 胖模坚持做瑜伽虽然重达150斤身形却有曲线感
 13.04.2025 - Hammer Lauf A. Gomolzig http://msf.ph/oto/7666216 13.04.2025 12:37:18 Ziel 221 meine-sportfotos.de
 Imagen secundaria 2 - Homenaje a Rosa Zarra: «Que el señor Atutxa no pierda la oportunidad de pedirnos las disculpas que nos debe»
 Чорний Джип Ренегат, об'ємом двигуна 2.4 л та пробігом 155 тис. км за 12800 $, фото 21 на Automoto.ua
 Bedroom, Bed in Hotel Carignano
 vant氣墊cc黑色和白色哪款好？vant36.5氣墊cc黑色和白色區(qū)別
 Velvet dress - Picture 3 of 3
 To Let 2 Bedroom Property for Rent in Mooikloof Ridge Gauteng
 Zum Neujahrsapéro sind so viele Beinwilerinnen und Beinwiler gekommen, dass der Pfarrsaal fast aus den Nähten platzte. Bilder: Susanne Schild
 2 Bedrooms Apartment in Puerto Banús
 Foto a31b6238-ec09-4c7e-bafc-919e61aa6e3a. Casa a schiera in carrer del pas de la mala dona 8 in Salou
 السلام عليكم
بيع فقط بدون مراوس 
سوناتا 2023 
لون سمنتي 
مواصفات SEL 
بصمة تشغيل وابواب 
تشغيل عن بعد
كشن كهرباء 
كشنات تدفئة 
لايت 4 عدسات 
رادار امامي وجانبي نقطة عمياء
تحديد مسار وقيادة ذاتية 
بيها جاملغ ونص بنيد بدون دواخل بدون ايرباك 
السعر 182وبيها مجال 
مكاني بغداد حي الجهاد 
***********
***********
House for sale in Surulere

• Work instructions: Reply with every line of the listing that has the string "بدون".

• Your solution:
بيع فقط بدون مراوس 
بيها جاملغ ونص بنيد بدون دواخل بدون ايرباك 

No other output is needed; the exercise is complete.